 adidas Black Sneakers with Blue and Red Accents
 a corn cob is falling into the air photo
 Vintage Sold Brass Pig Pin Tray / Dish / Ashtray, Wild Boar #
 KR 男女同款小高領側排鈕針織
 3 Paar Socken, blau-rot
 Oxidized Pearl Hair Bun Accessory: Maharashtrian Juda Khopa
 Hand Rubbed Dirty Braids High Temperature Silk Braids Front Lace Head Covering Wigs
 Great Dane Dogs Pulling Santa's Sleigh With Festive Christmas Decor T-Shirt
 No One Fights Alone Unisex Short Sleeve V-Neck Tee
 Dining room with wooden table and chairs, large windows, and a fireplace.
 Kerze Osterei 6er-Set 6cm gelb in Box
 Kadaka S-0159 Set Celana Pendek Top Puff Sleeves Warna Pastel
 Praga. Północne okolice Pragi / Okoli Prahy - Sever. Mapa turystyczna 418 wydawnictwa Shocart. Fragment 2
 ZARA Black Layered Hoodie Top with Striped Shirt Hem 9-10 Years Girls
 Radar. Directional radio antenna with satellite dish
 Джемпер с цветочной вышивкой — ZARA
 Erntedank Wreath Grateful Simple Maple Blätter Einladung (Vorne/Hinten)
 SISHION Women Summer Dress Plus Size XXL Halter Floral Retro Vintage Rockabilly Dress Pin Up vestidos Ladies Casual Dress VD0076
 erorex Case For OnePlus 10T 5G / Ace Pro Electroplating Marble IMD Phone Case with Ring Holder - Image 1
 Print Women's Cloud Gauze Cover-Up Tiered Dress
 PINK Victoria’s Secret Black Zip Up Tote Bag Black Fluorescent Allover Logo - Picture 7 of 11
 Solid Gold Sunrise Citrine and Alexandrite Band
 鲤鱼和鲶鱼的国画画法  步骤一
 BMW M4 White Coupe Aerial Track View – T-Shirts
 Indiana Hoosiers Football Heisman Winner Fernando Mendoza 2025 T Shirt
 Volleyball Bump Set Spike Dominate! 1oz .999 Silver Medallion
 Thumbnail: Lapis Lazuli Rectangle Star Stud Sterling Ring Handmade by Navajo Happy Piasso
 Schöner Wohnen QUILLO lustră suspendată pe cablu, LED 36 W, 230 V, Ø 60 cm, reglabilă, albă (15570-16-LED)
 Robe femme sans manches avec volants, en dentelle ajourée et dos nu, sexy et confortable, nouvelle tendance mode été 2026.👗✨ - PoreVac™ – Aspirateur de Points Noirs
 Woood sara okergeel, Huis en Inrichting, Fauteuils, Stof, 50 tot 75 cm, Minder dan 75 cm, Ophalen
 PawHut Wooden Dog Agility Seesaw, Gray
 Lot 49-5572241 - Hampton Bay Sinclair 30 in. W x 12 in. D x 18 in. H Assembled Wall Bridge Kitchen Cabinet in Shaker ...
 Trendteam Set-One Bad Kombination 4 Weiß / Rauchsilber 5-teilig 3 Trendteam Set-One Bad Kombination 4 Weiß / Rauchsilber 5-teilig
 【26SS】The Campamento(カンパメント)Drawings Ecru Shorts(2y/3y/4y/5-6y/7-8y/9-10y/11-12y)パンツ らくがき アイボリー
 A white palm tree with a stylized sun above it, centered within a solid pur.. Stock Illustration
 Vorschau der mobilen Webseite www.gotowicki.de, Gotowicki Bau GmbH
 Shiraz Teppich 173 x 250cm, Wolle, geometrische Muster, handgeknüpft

⁂

Exercise brief | Above are some lines. Repeat exactly, and only, those from the line that has "PINK Victoria’s Secret" through the line that has "Thumbnail: Lapis Lazuli".

Answer area |
 PINK Victoria’s Secret Black Zip Up Tote Bag Black Fluorescent Allover Logo - Picture 7 of 11
 Solid Gold Sunrise Citrine and Alexandrite Band
 鲤鱼和鲶鱼的国画画法  步骤一
 BMW M4 White Coupe Aerial Track View – T-Shirts
 Indiana Hoosiers Football Heisman Winner Fernando Mendoza 2025 T Shirt
 Volleyball Bump Set Spike Dominate! 1oz .999 Silver Medallion
 Thumbnail: Lapis Lazuli Rectangle Star Stud Sterling Ring Handmade by Navajo Happy Piasso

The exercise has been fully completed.